Retention bridge. When the decay of the teeth to be contained is very significant, the retention must be part of a global prosthetic rehabilitation. The creation of a retention bridge has the advantage of replacing the missing teeth and containing the teeth with weakened support.
4.2. Periodontal maintenance
Periodontal maintenance consists of the control of bacterial dental plaque by the patient and the implementation of periodontal care by the practitioner. It is now widely accepted that the control of supragingival plaque by the patient, associated with the elimination of subgingival plaque and tartar by the practitioner are the two conditions for the stability of periodontal results. During the maintenance phase, the practitioner will have to avoid relapses or slow them down; he will therefore have to provide a diagnostic part aimed at searching for possible active sites and a therapeutic part by maintaining at the subgingival level a flora compatible with periodontal health.

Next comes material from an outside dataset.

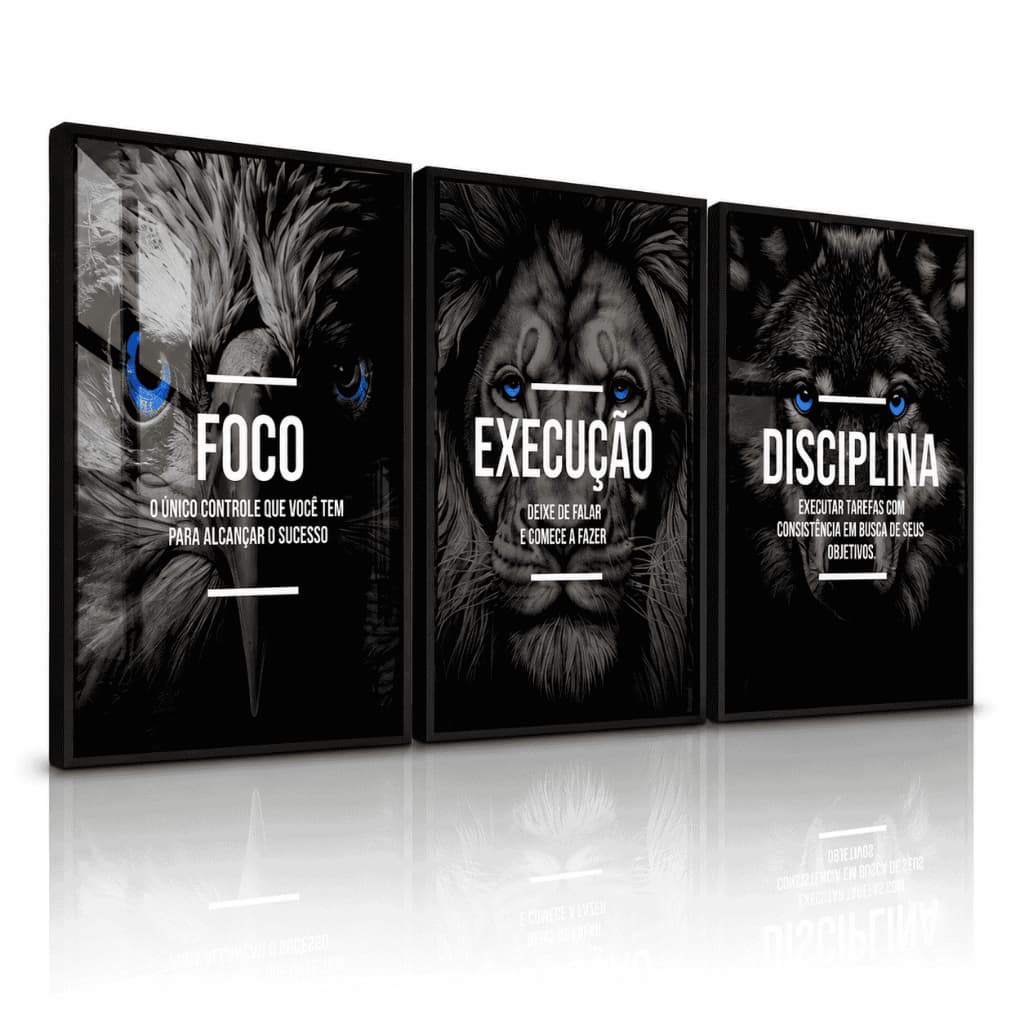 Quadros Decorativos Escritórios 3 Peças Motivacional Lobo Foco Execução e Disciplina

The Periodontics-Orthodontics relationship
5. Conclusion
Orthodontics therefore plays an important role in the treatment of periodontal diseases.
This multidisciplinary approach requires:
• perfect cooperation and high motivation of the patient;
• close collaboration in the conduct of the treatment plan between orthodontist and periodontist, if only to obtain and maintain a healthy periodontium, free of inflammation, an essential prerequisite for orthodontic treatment in adult patients, until the end of the treatment;
• an adaptation of orthodontic treatment according to periodontal changes linked to the disease and age: use of light forces, plaque control and often permanent retention.